What's the next step? I know the solution but I need to figure this out myself.

 

[QuarkCharmer]

I forgot this part:

Since:
$$I = \frac{-BL}{R}\\$$

and

$$F = ILB$$

Then:
$$F = -\frac{B^{2}L^{2}}{R}$$

Which is almost the answer I need, it's definitely the force to the left. So to pull it to the right I need to put that force.

There should be a v in that equation though, and I don't see how.

 

[WannabeNewton]

Well you have $\Phi = BLx$ so $\frac{\mathrm{d}\Phi }{\mathrm{d} t} = BL\frac{\mathrm{d} x}{\mathrm{d} t} = Blv$. So there's your v.

 

[QuarkCharmer]

Well you have $\Phi = BLx$ so $\frac{\mathrm{d}\Phi }{\mathrm{d} t} = BL\frac{\mathrm{d} x}{\mathrm{d} t} = Blv$ as per the chain rule. So there's your v.

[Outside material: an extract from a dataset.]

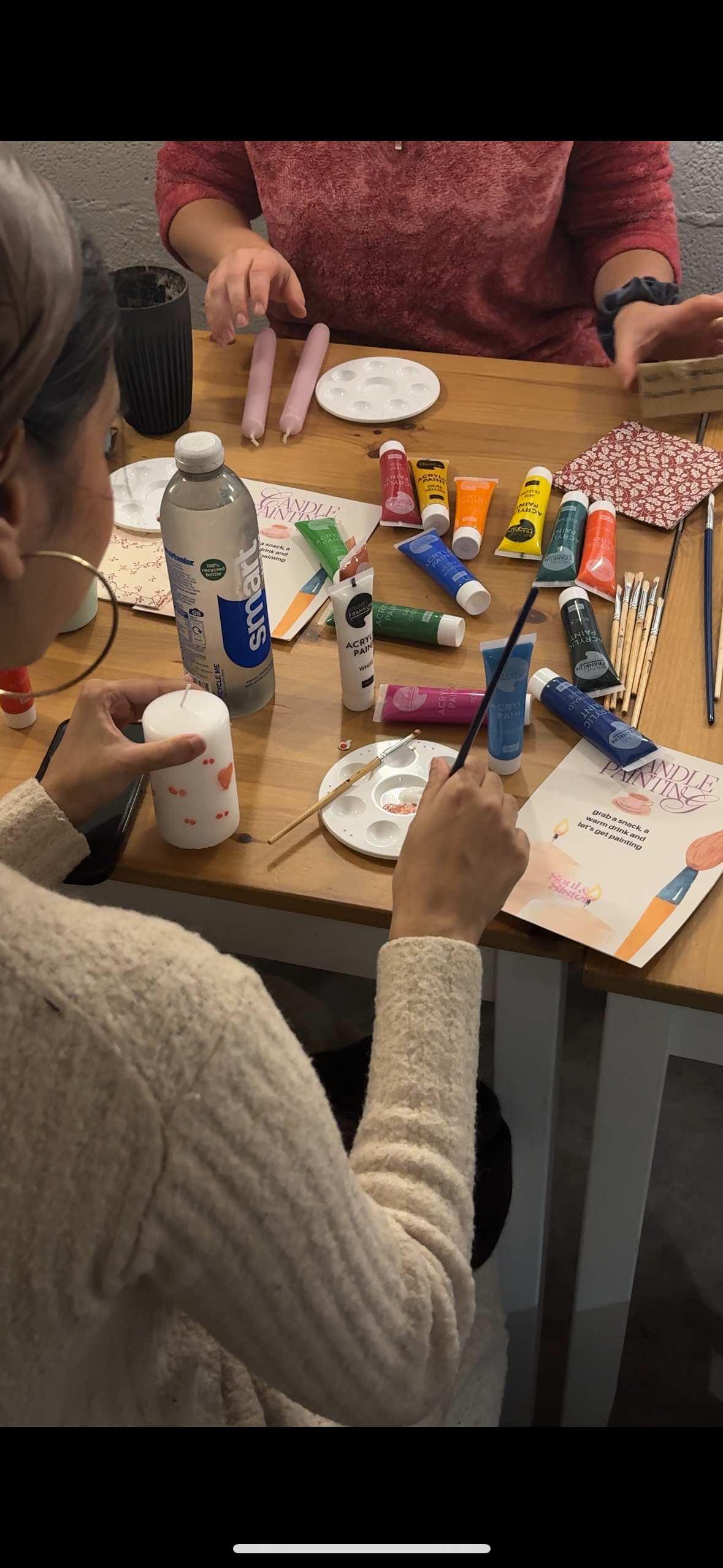 People at a table decorating candles with paint and brushes, surrounded by supplies such as paint tubes, brushes, and candle-making kits.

Ah, I see. Idk what I was thinking with this sentence:

"The velocity of the bar is basically in x per seconds, so I think I can say that basically x is time. That way, I can differentiate the flux as so:"Thanks

 

[asteriatic]

I would like to commend you on your attempt at solving this problem using basic principles of electromagnetism. Your reasoning and calculations are mostly correct, but there are a few things that need clarification.

Firstly, the direction of the induced current in the loop will indeed be counter-clockwise, as you correctly stated. This is in accordance with Lenz's law, which states that the induced current will always oppose the change in magnetic flux.

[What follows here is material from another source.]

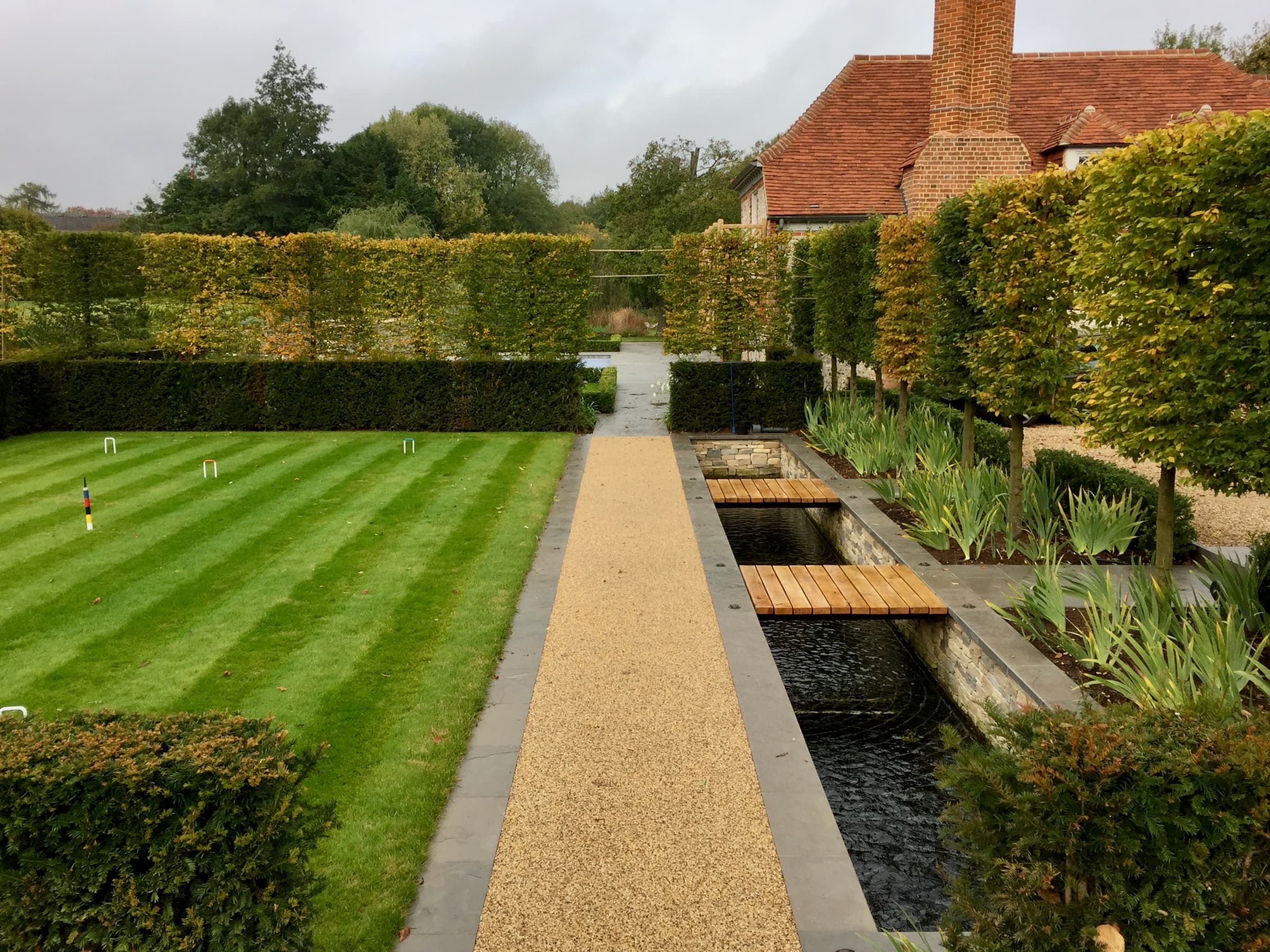 Formal garden with water rill, croquet lawn and pleached hornbeam trees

Secondly, your calculation of the induced EMF (E) is correct, but your interpretation of it is not entirely accurate. The induced EMF is not equal to the applied voltage (V), but rather it is equal to the rate of change of magnetic flux through the loop. In this case, the induced EMF is equal to BLv, where v is the velocity of the bar.

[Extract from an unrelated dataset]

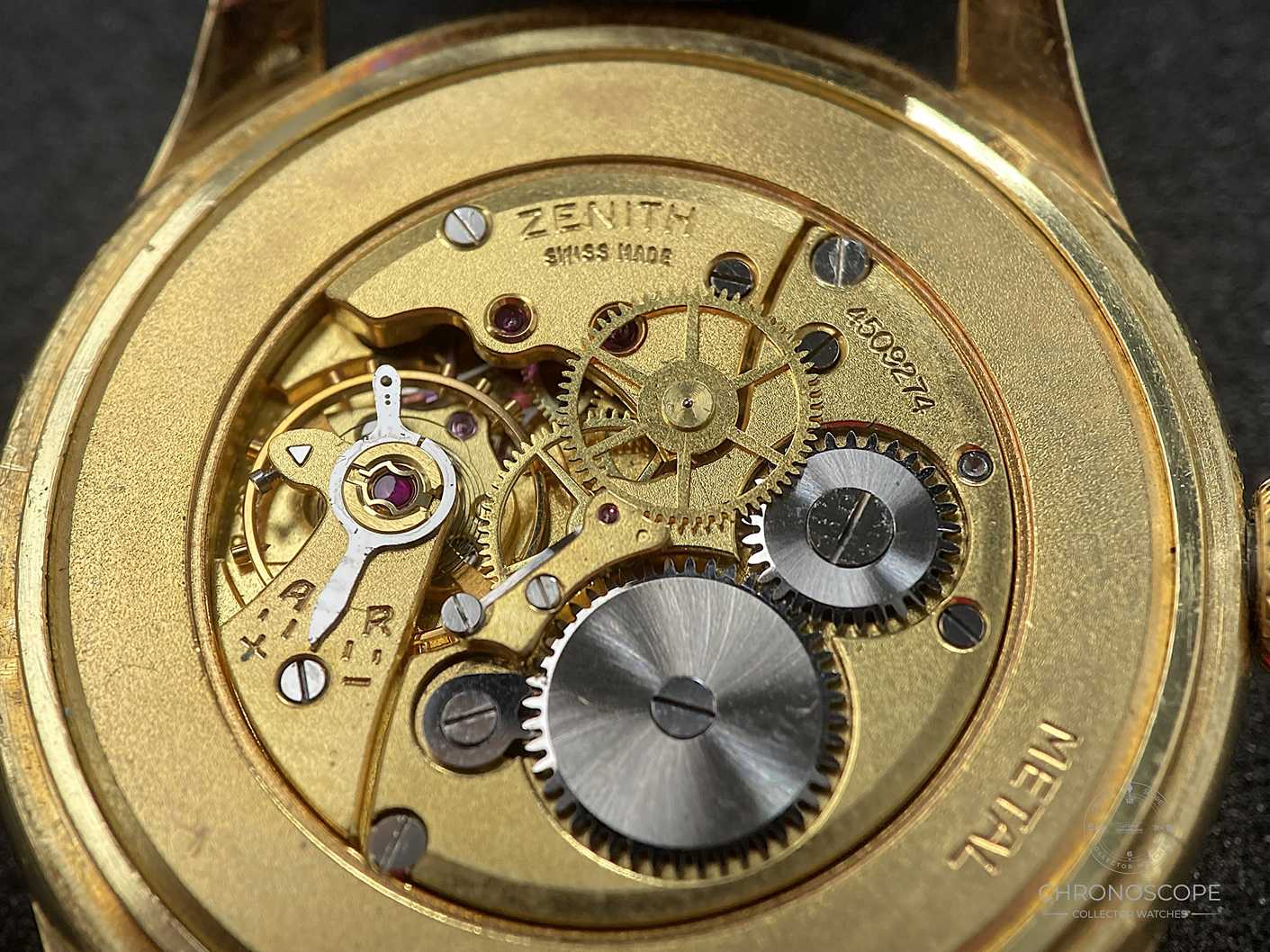 Alt: Zenith vintage 18k gold dress watch from 1956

Next, your calculation of the current in the loop is also correct, but again, your interpretation is not completely accurate. The current in the loop is not a constant value, but rather it will change as the bar moves due to the changing magnetic flux. So, the correct expression for the current would be I = -BLv/R.

Finally, your calculation of the Lorentz force is also correct, but again, your interpretation needs some clarification. The force on the bar due to the magnetic field is not simply equal to ILB, but rather it is equal to the product of the current and the length of the bar (L). So, the correct expression for the force would be F = -BL^2v/R.

In summary, the force required to move the bar at a constant speed v would be F = -BL^2v/R. This force is needed to overcome the opposing force due to the induced current in the loop, which is also equal to -BL^2v/R. So, the net force on the bar would be zero, and it would continue to move at a constant speed v.

I hope this clarifies any confusion and helps you to better understand the physics behind this problem. Keep up the good work!